2020 Fiscal Year Research-status Report
発達障害のある子どもを含めすべての子どもを援助するチーム学校の校内委員会
Project/Area Number |
19K02912
|
Research Institution | Osaka Kyoiku University |
Principal Investigator |
家近 早苗 大阪教育大学, 連合教職実践研究科, 教授 (40439005)
|
Co-Investigator(Kenkyū-buntansha) |
菊池 春樹 東京成徳大学, 応用心理学部, 准教授 (20750095)
石隈 利紀 東京成徳大学, 応用心理学部, 教授 (50232278)
|
Project Period (FY) |
2019-04-01 – 2022-03-31
|
Keywords | 校内委員会 / チーム援助 / コンサルテーション / コーディネーション / 発達障害 |
Outline of Annual Research Achievements |
2020年度は、新型コロナウィルス感染に伴い、予定していた学校等への訪問調査ができなくなった。しかし、高知県の小学校4校、中学校2校については、研究代表者(家近早苗)・研究分担者(石隈利紀)が2020年7月、2021年2月の2回、各学校と教育委員会に対し、テレビ会議システムを使ったコンサルテーションを行った。また、2020年、6月、12月にアンケート調査を実施した。調査対象者は、佐川町内の教師81名(小学校48名、中学校31名)、児童生徒776名(中学生208名、小学生558名)であった。調査の内容は、教師に対しては、学校の校内委員会の機能、教師の意識の変化、学校の問題に対する当事者意識、心理教育的援助サービスの状況であった。
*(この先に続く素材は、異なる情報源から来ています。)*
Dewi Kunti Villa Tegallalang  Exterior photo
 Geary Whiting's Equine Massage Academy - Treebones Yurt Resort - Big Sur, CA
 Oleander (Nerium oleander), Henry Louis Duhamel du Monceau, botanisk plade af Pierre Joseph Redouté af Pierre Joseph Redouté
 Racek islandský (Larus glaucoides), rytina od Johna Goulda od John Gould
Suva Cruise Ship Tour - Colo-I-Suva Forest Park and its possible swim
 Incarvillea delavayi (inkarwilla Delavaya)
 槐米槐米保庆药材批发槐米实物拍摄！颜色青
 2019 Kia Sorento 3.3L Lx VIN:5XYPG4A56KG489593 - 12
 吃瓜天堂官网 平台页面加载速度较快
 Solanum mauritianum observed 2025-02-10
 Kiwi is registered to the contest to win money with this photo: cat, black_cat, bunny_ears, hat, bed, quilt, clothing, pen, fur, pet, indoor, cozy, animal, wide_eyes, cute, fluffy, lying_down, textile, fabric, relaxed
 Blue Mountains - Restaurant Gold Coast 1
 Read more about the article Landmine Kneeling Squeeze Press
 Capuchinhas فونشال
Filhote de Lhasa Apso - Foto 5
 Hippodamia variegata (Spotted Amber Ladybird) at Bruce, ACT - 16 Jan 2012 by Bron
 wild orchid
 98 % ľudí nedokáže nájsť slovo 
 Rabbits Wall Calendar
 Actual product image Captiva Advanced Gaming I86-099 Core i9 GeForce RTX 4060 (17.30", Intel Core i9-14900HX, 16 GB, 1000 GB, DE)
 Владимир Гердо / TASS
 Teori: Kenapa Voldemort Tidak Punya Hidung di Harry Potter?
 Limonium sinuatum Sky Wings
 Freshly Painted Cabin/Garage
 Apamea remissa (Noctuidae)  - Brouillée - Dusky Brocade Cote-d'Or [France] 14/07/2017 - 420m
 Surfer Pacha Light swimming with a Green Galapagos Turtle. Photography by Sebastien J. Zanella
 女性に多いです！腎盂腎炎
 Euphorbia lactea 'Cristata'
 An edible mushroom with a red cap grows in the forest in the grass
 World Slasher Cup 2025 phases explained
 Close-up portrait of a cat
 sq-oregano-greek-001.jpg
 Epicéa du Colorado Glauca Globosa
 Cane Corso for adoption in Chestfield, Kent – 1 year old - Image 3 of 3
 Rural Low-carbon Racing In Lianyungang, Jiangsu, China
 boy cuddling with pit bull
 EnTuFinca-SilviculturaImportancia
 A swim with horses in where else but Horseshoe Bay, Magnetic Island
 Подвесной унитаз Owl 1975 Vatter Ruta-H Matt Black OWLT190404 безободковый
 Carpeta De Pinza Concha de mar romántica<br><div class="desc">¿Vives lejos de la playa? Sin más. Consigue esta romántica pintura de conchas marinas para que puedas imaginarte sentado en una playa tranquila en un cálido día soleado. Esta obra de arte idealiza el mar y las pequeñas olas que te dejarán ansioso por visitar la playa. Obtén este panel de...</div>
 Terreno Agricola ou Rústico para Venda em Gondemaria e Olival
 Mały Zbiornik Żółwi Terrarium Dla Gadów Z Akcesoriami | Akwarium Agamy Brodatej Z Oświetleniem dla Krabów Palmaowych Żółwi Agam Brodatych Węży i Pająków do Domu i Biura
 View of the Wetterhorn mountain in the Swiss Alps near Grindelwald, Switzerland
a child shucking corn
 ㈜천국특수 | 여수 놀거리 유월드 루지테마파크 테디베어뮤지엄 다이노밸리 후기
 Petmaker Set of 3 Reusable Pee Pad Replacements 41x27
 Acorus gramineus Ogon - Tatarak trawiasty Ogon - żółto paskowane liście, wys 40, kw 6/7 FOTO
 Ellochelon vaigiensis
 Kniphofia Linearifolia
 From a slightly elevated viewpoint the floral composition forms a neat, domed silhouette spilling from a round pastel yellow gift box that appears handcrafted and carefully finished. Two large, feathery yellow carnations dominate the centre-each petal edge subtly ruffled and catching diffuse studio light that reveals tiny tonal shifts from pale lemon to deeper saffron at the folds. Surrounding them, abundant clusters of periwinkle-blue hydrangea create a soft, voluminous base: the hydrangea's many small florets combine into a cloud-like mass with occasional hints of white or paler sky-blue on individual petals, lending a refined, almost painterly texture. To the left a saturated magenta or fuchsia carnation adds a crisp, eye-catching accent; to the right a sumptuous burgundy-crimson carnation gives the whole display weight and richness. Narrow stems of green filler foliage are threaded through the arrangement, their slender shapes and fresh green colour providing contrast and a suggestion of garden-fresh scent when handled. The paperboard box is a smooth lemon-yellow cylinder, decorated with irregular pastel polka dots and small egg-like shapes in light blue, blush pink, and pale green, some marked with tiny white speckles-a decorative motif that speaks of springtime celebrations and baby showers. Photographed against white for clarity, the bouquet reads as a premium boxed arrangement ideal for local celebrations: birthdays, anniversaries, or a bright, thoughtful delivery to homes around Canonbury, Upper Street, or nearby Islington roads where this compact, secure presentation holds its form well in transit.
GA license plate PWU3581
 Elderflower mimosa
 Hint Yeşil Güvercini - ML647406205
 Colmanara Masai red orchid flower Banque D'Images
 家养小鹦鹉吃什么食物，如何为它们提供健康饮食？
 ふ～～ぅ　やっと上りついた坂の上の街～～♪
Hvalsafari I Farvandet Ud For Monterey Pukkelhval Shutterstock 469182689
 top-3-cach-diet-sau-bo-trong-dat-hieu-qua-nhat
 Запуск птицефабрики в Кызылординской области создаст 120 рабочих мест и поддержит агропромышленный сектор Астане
また児童生徒に対しては、学校への適応状況と教師が行う心理教育的援助サービスの評価であった。これらの結果について2回のコンサルテーションで各学校にフィードバックし、学校の変化について教育委員会、管理職と検討した。対象とした学校のほとんどが良い方向で変化をしていたが、学校への適応状況については、特別支援学級に在籍する児童生徒の中に、適応がうまくいっていない児童生徒がいることが明らかになり、調査結果を活用しながら児童生徒への支援を進めることが確認できた。また茨城県取手市においても佐川町と同様の調査を教師381名(中学校132名、小学校249名)を対象に実施した。その結果については研究分担者(石隈利紀)が取手市教育委員会を訪問して説明した。以上の2市町については、2021年度も継続して調査を実施し、経年変化を比較検討することにしている。 上述の結果についてはThe 38th ISPA Conference キプロス大学で発表し、コーディネーション、コンサルテーションについての新しい知見と情報を収集する予定であったが、コロナウィルス感染症の影響により、次年度に延期することとした。
|
Current Status of Research Progress |
Current Status of Research Progress
3: Progress in research has been slightly delayed.
Reason
2020年度は、2019年度に予定していた大阪府、神奈川県、東京都、高知県での校内委員会を通した好事例についての情報収集と検討をする計画であった。しかし依然としてコロナウィルス感染の影響があり、実施できたのは高知県の小中学校6校での調査であった。大阪府、神奈川県、東京都で先進的な校内委員会を実施している学校との調整については実施ができていないことから、進捗状況に遅れが生じた。しかし一方で、茨城県取手市での協力校を追加することができ、アンケート調査を実施できた。
|
Strategy for Future Research Activity |
2020年度に調査を実施した高知県の小中学校6校と茨城県取手市の小中学校については、2021年度も引き続きコンサルテーションと、教師・児童生徒に対する調査を継続する予定である。また先進的な校内委員会の取り組みを進めている学校については、研究代表者(家近早苗)が、大阪府寝屋川市の中学校において校内委員会に継続的に参加しながら進める予定である。 2021年度の予定としては、大阪府、東京都の学校(予定各2校)での校内委員会へ参加し、SCらの参加する校内委員会の機能(相互コンサルテーション、連絡・調整、個別の援助チームの促進、マネジメントの促進)の観点から、チーム学校への促進・妨害要因の相互関係、校内委員会の機能が通常学級での援助に与える影響について検討し、チーム学校の効果についての要因を抽出し、調査項目を作成する予定である。特に2021年度は、校内の連携について「縦の連携と横の連携」に焦点を当て、尺度の開発を進める予定である。
|
Causes of Carryover |
新型コロナウィルス感染の拡大に伴い、2020年度の計画ではISPA大会への参加(キプロス)、学校心理学会大会(福岡)などが中止となる、旅費として充てていた費用を使用することができずなかった。そのため予定していた旅費を次年度へと繰り越すことになったため次年度使用額が生じた。これらの費用については、2021年度計画している学校訪問、学会への参加などによる発表、情報収集などに使用する計画である。